Englishtext Ah, dear Jesus, how hast thou offended, that man to judge thee has claimed in hatred to do so? O most afflicted, thou hast been insulted by enemies and rejected by thy own. Who was the one who had done wrong? How did this happen to you? Who is to blame? And now you are undone by my betrayal, O Jesus! ’ It was I, Lord Jesus, who denied thee, and it was I who crucified you. So, the Good Shepherd has been given for the sheep; the slave has sinned, and the Son has suffered; for our atonement, God interceded, while we paid no attention.

Due to this, gentle Jesus, because I am unable to pay thee, I adore thee and will always pray to thee, thinking on thy mercy and unwavering love, despite the fact that I am unworthy.

If you cannot read music, just start the Youtube video and follow along!

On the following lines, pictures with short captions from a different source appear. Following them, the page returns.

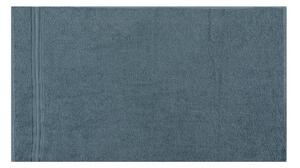 Modré bavlněné ručníky a osušky v sadě 2 ks Dora – Foutastic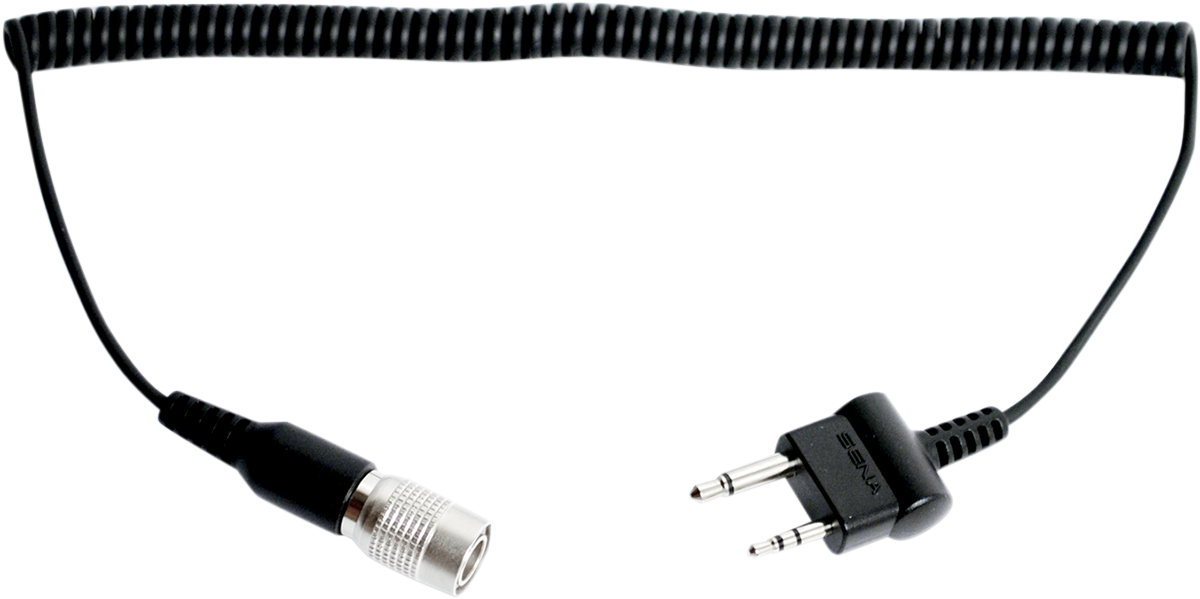 SENA SR10 Cable - 2-Way Mildland Icom SC-A0117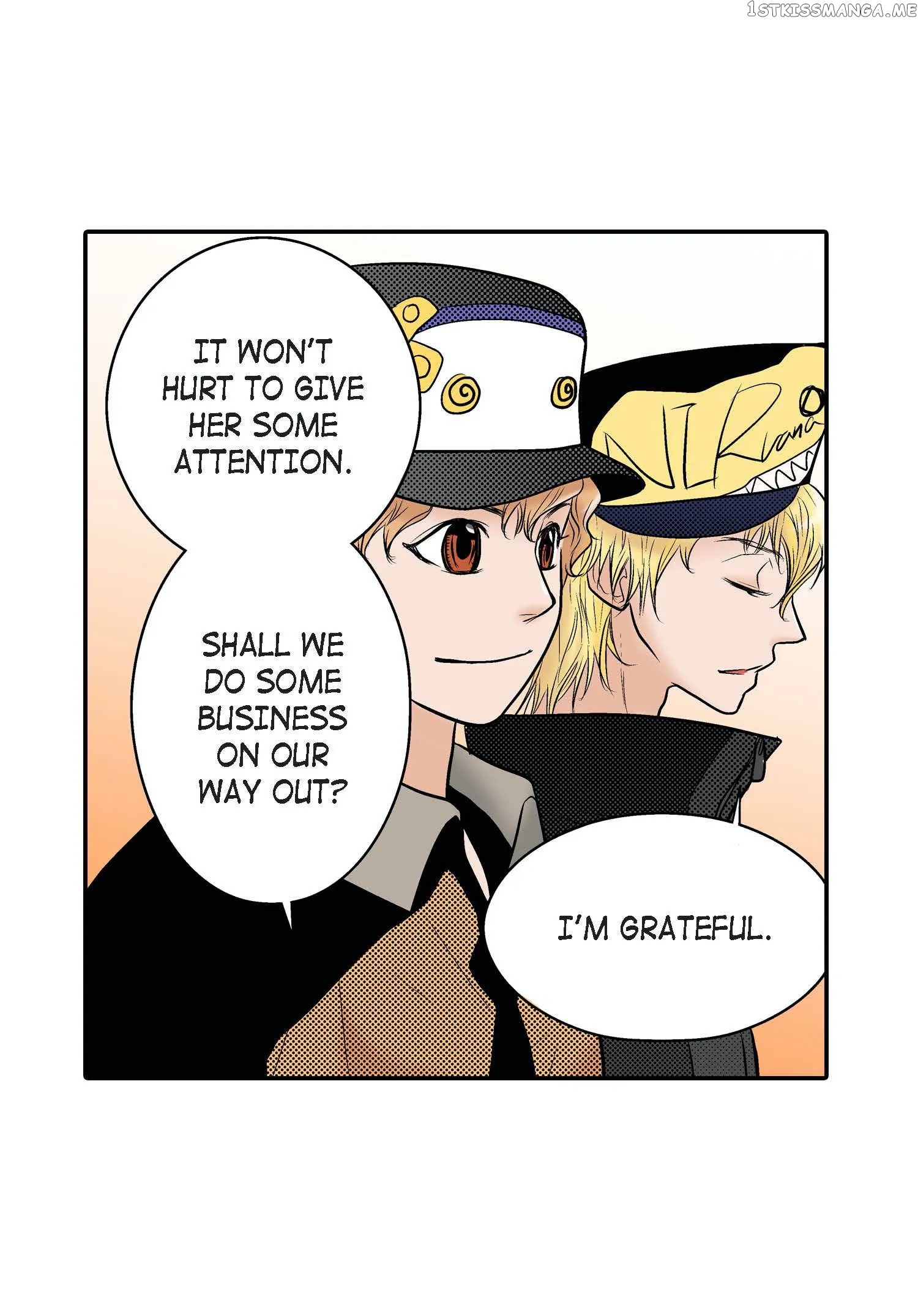 Noona Fan chapter 50 - page 47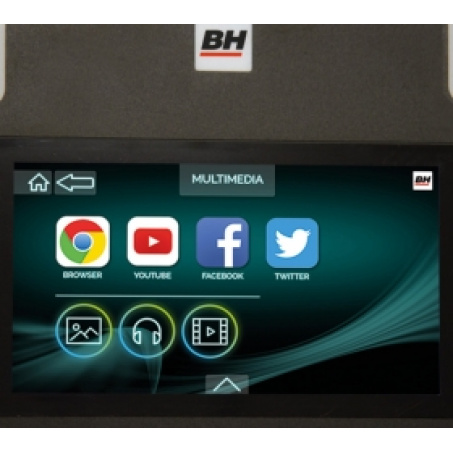 Рендер-4 для BH Fitness Crystal  TFT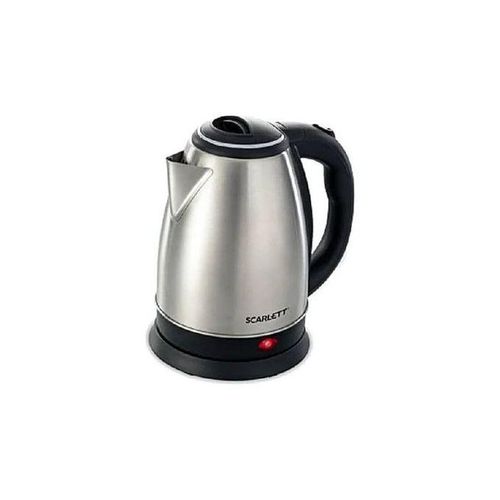 Fast Boiling Percolator, 2 Litres - Silver,Black image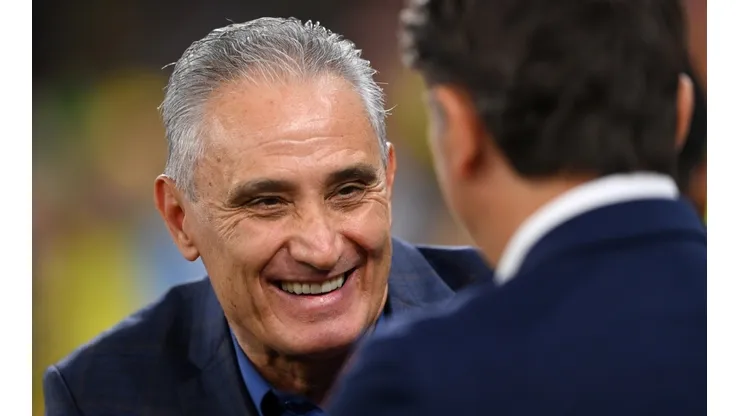 Foto: Justin Setterfield/Getty Images | Tite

John Julian’s bibliography is available online. “Oh, my Jesus, what a relief! What Have You Done to Offend Me?” Web. 04 April 2013. Hymnary.org, a service of the Calvin Institute of Christian Worship, was created in 1999 and is available online. Paul Westermeyer’s “Holy Week/Three Days” is available online. Vol. 1 of the Augsburg Fortress Hymnal Companion to Evangelical Lutheran Worship (Minneapolis, MN: Augsburg Fortress Publishing, 2010), 151-54. Print.